Cuando llegué a Montevideo, vi que esa ciudad oriental era demasiado parecida al Miraflores que yo mismo me había inventado. Así fue que me enamoré de aquella urbe tan pequeña, donde compuse pocos poemas en mis escasos tiempos libres de viajero.
Amé Montevideo como quien reconoce la esencia de aquello que nos enclaustra en sueños. Ahí se me convirtió en aquel rincón del mundo donde siempre quisiera regresar, como lo fue Miraflores. Se me confundieron ambas ciudades como si fueran barajadas en ese colectivo afectivo que llevo dentro.
A finales de 2006 regresé a Lima, y uno de mis primeros periplos fue a recorrer aquellas calles miraflorinas que tanto quise encarnar en la nostalgia aperogrullada de que todo tiempo pasado fue mejor.
Pero las Ítacas cambian, me dijo un gran amigo.
Y es cierto. Jamás pude volver al Miraflores que yo recuerdo, porque éste murió en el momento en que me fui de Lima, allá en 2001. Me di con la amarga noción de que aún vivía en una especie de exilio, en el cual ahora el tiempo tomó el lugar de la distancia.
Ya Miraflores no es la misma que fue hace ya más de diez años atrás. Lo que me consuela, sin embargo, es haberla podido conservar en instantáneas versificadas en poemarios bien sentidos. Mantengo aún las sensaciones frescas de mis paseos vespertinos, cuando el otoño era tan sólo una excusa para sentarse a disfrutar de las últimas fiestas del sol en el poniente, y calentar la noche con un café negro, bien cargado, y sin azúcar.
Pero aún me queda Montevideo, aquella ciudad tan de Miraflores, a la cual me debo regresar, como quien vuelve a esas Ítacas que nunca queremos que cambien.
En esas época estudiaba en el Club de Teatro de Lima, en la primera cuadra de 28 de Julio, casi en la esquina con la calle Porta.
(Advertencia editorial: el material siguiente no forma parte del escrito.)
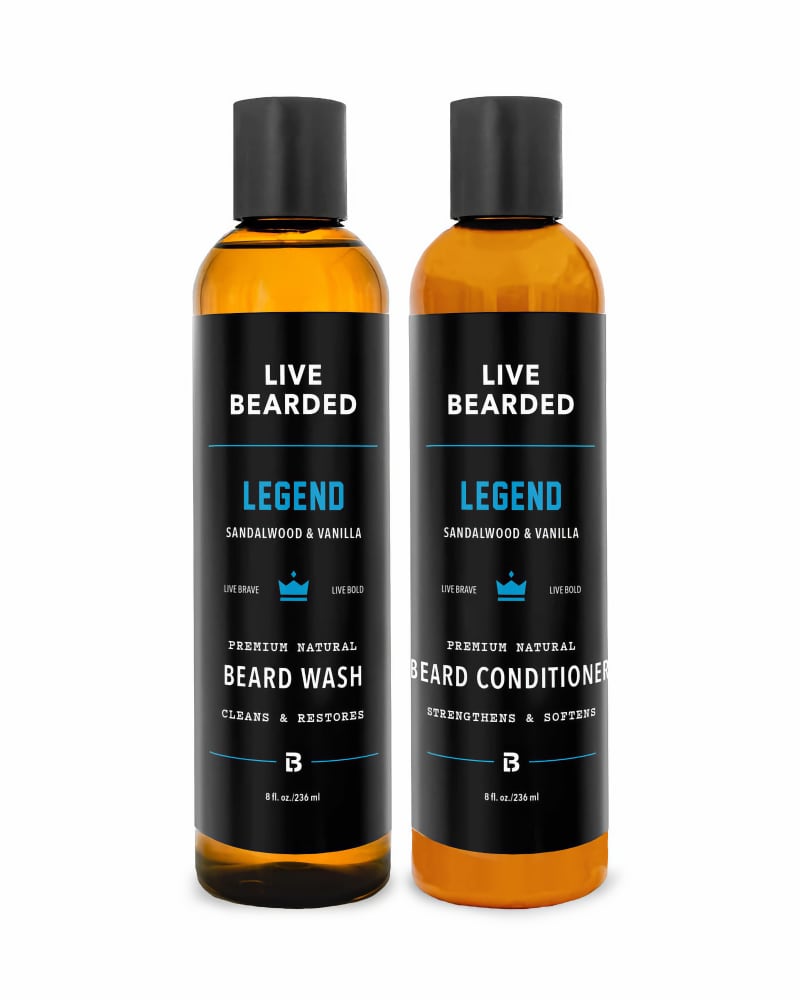 Live Bearded Beard wash kit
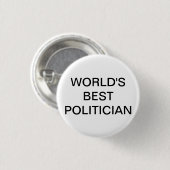 Beste Button voor politiek (Voorkant /achterkant)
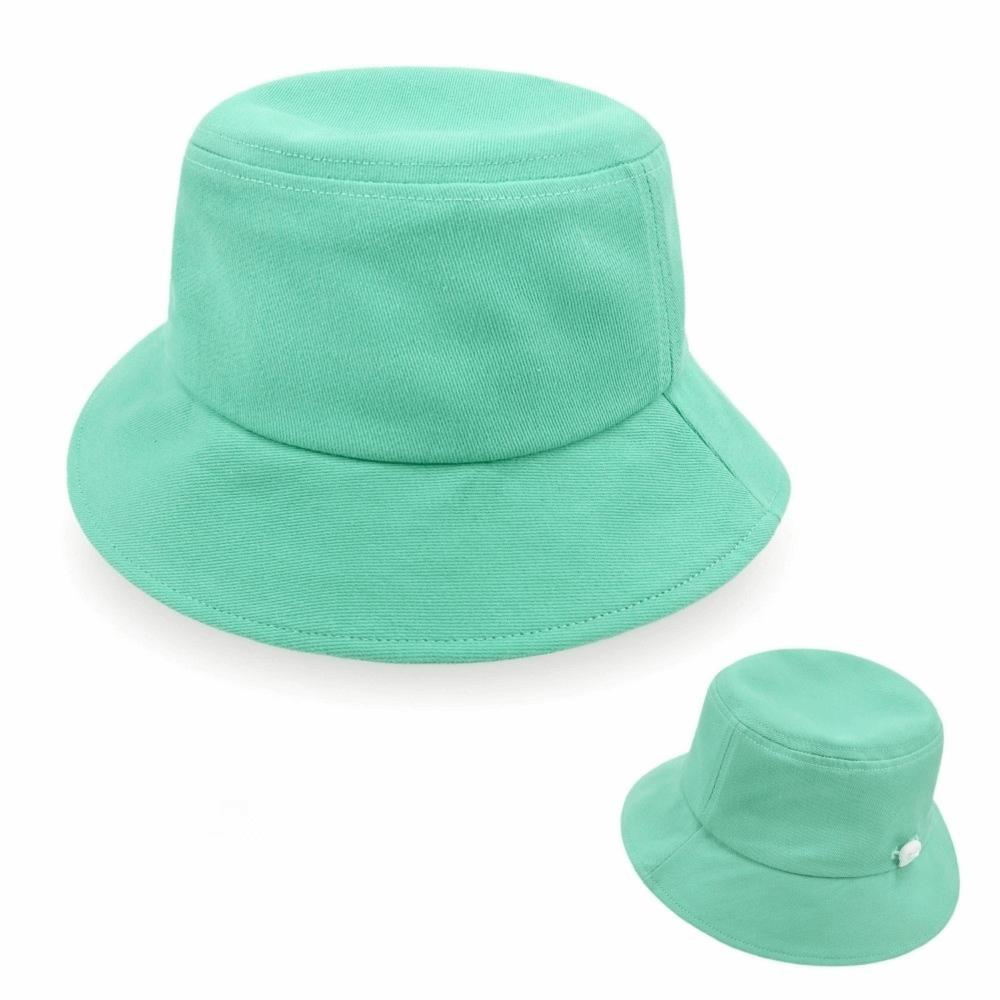 Sun Visor Kids Bucket Hat Solid Color Fisherman Cap Casual Children Panama Hat Outdoor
Fue durante esos tiempos que mis lecturas de Hemingway me hicieron buscarme cafés parisinos imposibles para emular al gran narrador norteamericano. De tal modo, me iba bien a lo generation perdue a escribir poemas en mesas de vereda, mientras descubría las delicias del café negro bien cargado y sin azúcar, por favor.
Empecé a afincionarme a sentarme en las tardes antes de mis clases, y mirar a la gente pasar mientras armaba mis primeros versos en servilletas, facturas, o cualquier papelito que pudiera llevar conmigo. Hasta ese entonces no era muy afecto a las libretas. Siempre las extraviaba por ahí y por allá en juergas con amigos, o en el descuido del escritorio.
Luego, terminadas las sesiones teatrales, caminaba varias cuadras por esa ciudad que empezaba su ritmo nocturno. Era aficionado a observar cómo se transformaba la urbe de día de trabajo a noche de bohemia incipiente. A veces, caía en algún bar a tomarme un trago bien a lo Hemingway, nuevamente, y seguir escribiendo.
Era una soledad literaria en la que debutaba como observador del mundo en mis años adolescentes.
Esta costumbre se me quedó una vez me fui de Perú. En Puerto Rico quise hacer de las mismas, y me costó mucho trabajo y desengaño darme cuenta que el ritmo de esa isla caribeña era muy distinto. Probé cientos de cafetines, restaurantes, terrazas de mar, et cétera; pero jamás pude hallarme en esa esencia de pasajero pretenciosamente parisino.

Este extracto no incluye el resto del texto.